The 0.1 percentage point rise in unemployment came after an identical increase in December, but the jobless rate remains historically low and below the 4.2 per cent figure recorded in July.
The participation rate rose to a fresh record high of 67.3 per cent, said the bureau's head of labour statistics Bjorn Jarvis.
"Most of the rise in both employment and unemployment in January reflected rises for women, with female employment rising by 44,000 and unemployment by 24,000," he said on Thursday.
"In contrast, male employment and unemployment both changed by less than 1,000 people."
Strength in the labour market has been a bright spot in the economy, with the government welcoming the fact few workers had to lose their jobs to bring down inflation.

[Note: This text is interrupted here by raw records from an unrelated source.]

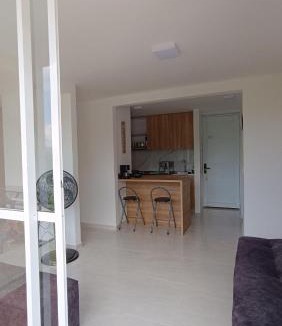 Villeta Apartment | SAMAR Nativa, Apartamento Acogedor en Villeta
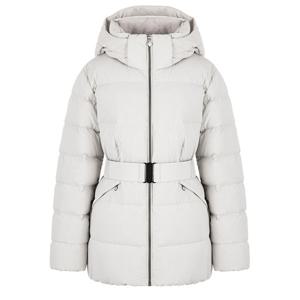 [밀레 (행사)]2025 겨울 여성 셀레네 노아 거위털 다운 자켓 MLUWD660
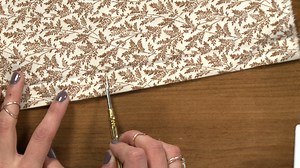 How to Sew a Blind Hem Stitch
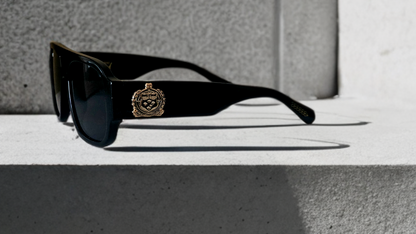 Aviator - Samoan Shield (new)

"Labor’s reason for being is to ensure more people are working, earning more and keeping more of what they earn and this shows once again we are heading in the right direction," said Treasurer Jim Chalmers.
But RBA governor Michele Bullock made clear the board was far from comfortable with the direction the economy was heading, despite slashing the cash rate for the first time in more than four years on Tuesday.
"We cannot declare victory on inflation just yet," she said.
"Many indicators suggest that the labour market is tight, and on some measures tightening further.
"While this is good news for jobseekers, the board remains alert to the possibility that it is signalling a bit more strength in the economy, which could delay or stall the disinflation process."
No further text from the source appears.